Our Take
Getty's lawsuit doesn't claim OpenAI stole images; it claims OpenAI built a $80B company on unlicensed training data, and courts haven't yet ruled whether that's legal.
Why it matters
This case will likely reach the U.S. Supreme Court and determine whether large language models can legally train on copyrighted material. The outcome affects every AI vendor's cost structure and liability exposure.
Do this week
Enterprise AI leads: audit your training-data provenance and document licensing chain-of-title now, before this ruling forces retroactive compliance.

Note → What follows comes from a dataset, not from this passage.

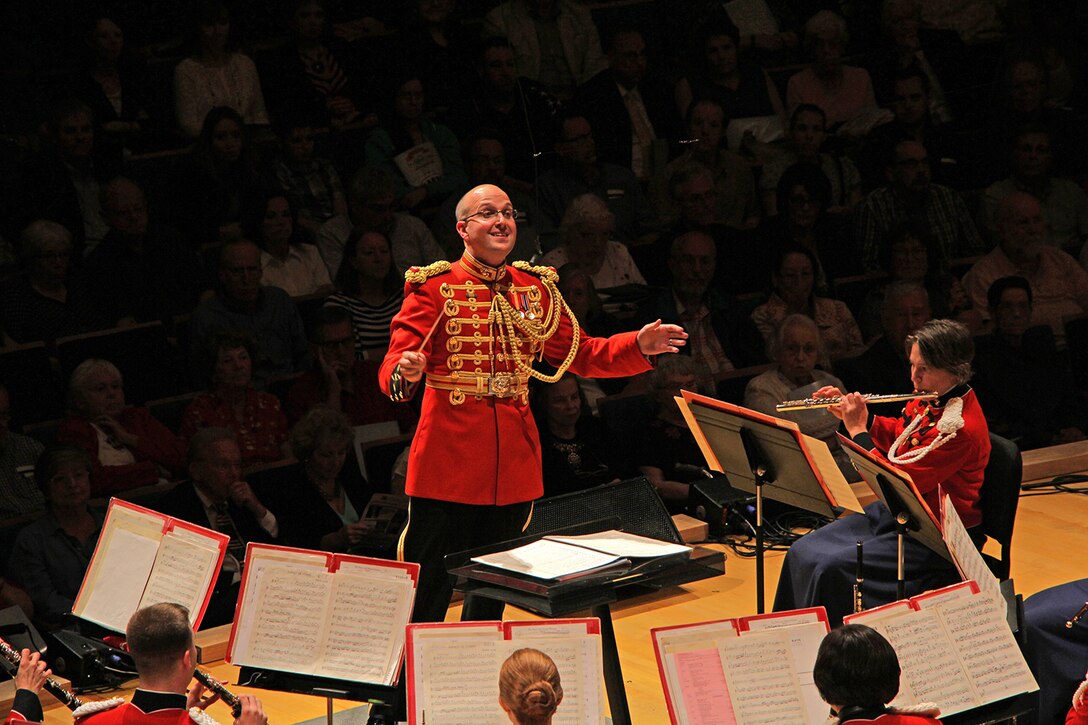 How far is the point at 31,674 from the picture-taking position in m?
3.18

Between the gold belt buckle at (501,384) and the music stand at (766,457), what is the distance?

Getty Images filed a federal lawsuit against OpenAI
Getty Images, the stock photography company, sued OpenAI in federal court, alleging that OpenAI scraped millions of images from Getty's platform without permission or compensation to train its image and text AI models. The suit names OpenAI, Microsoft, and Stability AI as defendants and seeks damages on behalf of the class of copyright holders whose work was used.

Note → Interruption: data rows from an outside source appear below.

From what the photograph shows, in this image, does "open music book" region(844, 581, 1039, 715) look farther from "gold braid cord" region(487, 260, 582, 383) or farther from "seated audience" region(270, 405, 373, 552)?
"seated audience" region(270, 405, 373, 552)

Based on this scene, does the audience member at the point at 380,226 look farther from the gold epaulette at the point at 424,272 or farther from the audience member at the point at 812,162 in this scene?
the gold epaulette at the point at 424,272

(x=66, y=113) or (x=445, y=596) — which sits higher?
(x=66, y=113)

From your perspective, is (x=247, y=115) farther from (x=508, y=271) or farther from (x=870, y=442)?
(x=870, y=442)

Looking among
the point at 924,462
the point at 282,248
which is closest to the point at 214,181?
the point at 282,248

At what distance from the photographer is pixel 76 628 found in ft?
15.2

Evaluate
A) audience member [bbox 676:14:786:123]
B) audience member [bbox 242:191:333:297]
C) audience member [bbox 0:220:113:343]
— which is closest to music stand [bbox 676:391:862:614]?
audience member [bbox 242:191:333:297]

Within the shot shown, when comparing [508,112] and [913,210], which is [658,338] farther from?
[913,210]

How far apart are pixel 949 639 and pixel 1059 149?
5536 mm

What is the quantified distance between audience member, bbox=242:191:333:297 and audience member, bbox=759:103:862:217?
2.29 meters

Getty does not claim that OpenAI images are visible in the output. The allegation is that OpenAI copied Getty's images to build its training dataset, then deleted or concealed evidence of that copying. Getty argues this infringes on the exclusive right to reproduce and distribute copyrighted work.
OpenAI has not yet filed a public response. The company has previously argued that training on copyrighted material constitutes fair use under U.S. copyright law, a doctrine that permits limited use of copyrighted work for transformative purposes without permission.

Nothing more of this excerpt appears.